How does AI pose detection count pushups?

AI pose detection identifies 33 body landmarks (joints, shoulders, hips, etc.) from your camera feed. For pushups, it tracks the angle at your elbows and shoulders. When the angle drops below a threshold (arms bent) and rises back up (arms extended), that's counted as one rep. All processing happens on-device in real-time.

Is AI rep counting accurate?

RepsForReels uses Google's MediaPipe pose detection which identifies body landmarks with high precision. The angle-based state machine only counts complete reps with proper form. In testing, accuracy is above 95% when the full body is visible to the camera.

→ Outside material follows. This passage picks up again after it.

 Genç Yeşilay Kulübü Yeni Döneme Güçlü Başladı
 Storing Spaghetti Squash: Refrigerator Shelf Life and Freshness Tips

Does the AI pose detection record video?

No. RepsForReels processes camera frames in real-time to detect body landmarks, but never records, stores, or transmits any images or video. All AI processing happens locally on your device using on-device machine learning. Your privacy is fully protected.

Can you cheat AI pose detection?

The AI tracks 33 specific body landmarks and uses angle-based detection through a state machine. Simply waving your arms or moving your phone won't register as reps. You need to perform the actual exercise movement through its full range of motion for the AI to count it.

What is MediaPipe pose detection?

MediaPipe is Google's open-source framework for on-device machine learning. Its pose detection model identifies 33 body landmarks from a camera feed in real-time. RepsForReels uses MediaPipe's full pose landmarker model, which runs at approximately 30 frames per second on modern smartphones.

How AI Pose Detection Counts Your Reps (Behind the Tech)

“How does RepsForReels know I actually did a pushup?”

It’s the first question everyone asks — and it’s a fair one. If an app is going to gate your social media access behind exercise, the detection better be accurate.

The short answer: AI pose detection using Google’s MediaPipe framework, running entirely on your phone, analyzing your body position 30 times per second.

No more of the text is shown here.